If your answer to question 1 is yes, then answer question 2. If you answered no, stop here, answer no further questions, and have the presiding juror sign and date this form.

2.Was [name of defendant]’s conduct a substantial factor in causing harm to [name of plaintiff]?

 Yes   No

If your answer to question 2 is yes, then answer question 3. If you answered no, stop here, answer no further questions, and have the presiding juror sign and date this form.

3.What are [name of plaintiff]’s damages?

[a.Past economic loss

[lost earnings $]

[lost profits $]

[medical expenses $]

[other past economic loss $]

Total Past Economic Damages: $]

[b.Future economic loss

[lost earnings $]

[lost profits $]

[medical expenses $]

[other future economic loss$]

Total Future Economic Damages: $]

[c.Past noneconomic loss, including [physical
pain/mental suffering:]$]

[d.Future noneconomic loss, including [physical
pain/mental suffering:] $]


Answer question 4.

4.What amount, if any, do you award as a penalty against [name of defendant]? $

Signed:Presiding Juror

After [this verdict form has/all verdict forms have] been signed, notify the [clerk/bailiff/court attendant] that you are ready to present your verdict in the courtroom.

New September 2003; Revised April 2007, December 2010; Renumbered from CACI No. VF-3012 December 2012; Revised June 2013, December 2016

Crowdsource Lawyers

Directions for Use

This verdict form is based on CACI No. 3062, Gender Price Discrimination—Essential Factual Elements.

The special verdict forms in this section are intended only as models. They may need to be modified depending on the facts of the case.

The award of a penalty in question 4 refers to the right of the jury to award a maximum of three times the amount of actual damages but not less than $4,000. (See Civ. Code, § 52(a).), The judge should correct the verdict if the jury award goes over that amount. Also, if jury awards nothing or an amount less than $4,000 in question 4 then the judge should increase that award to $4,000 to reflect the statutory minimum.

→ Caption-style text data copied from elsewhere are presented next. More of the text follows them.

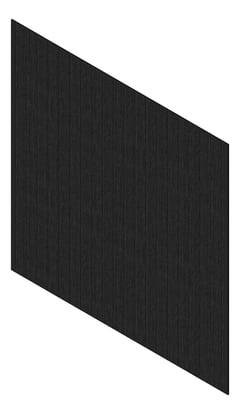 3D Presentation Image of Cladding Aluminium Knotwood Traditional Vertical 150Flat BlackWenge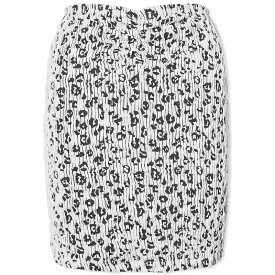 【送料無料】 グッドアメリカン レディース スカート ボトムス Good American Leopard V-Skirt Glass Leopard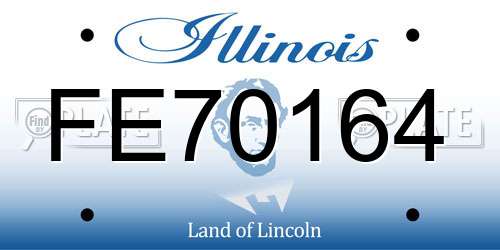 FE70164 Illinois License Plate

It is possible that questions 2 and 3 may be omitted if only the statutory minimum $4,000 award is sought. With regard to the Unruh Act (Civ. Code, § 51), which is also governed by Civil Code section 52(a), the California Supreme Court has held that a violation is per se injurious, and that section 52 provides for minimum statutory damages for every violation regardless of the plaintiff’s actual damages. (See Koire v. Metro Car Wash (1985) 40 Cal.3d 24, 33 [219 Cal.Rptr. 133, 707 P.2d 195].)

If specificity is not required, users do not have to itemize all the damages listed in question 3 and do not have to categorize “economic” and “noneconomic” damages, especially if it is not a Proposition 51 case. The breakdown of damages is optional depending on the circumstances.

If there are multiple causes of action, users may wish to combine the individual forms into one form. If different damages are recoverable on different causes of action, replace the damages tables in all of the verdict forms with CACI No. VF-3920, Damages on Multiple Legal Theories.

If the jury is being given the discretion under Civil Code section 3288 to award prejudgment interest (see Bullis v. Security Pac. Nat’l Bank (1978) 21 Cal.3d 801, 814 [148 Cal.Rptr. 22, 582 P.2d 109]), give CACI No. 3935, Prejudgment Interest. This verdict form may need to be augmented for the jury to make any factual findings that are required in order to calculate the amount of prejudgment interest.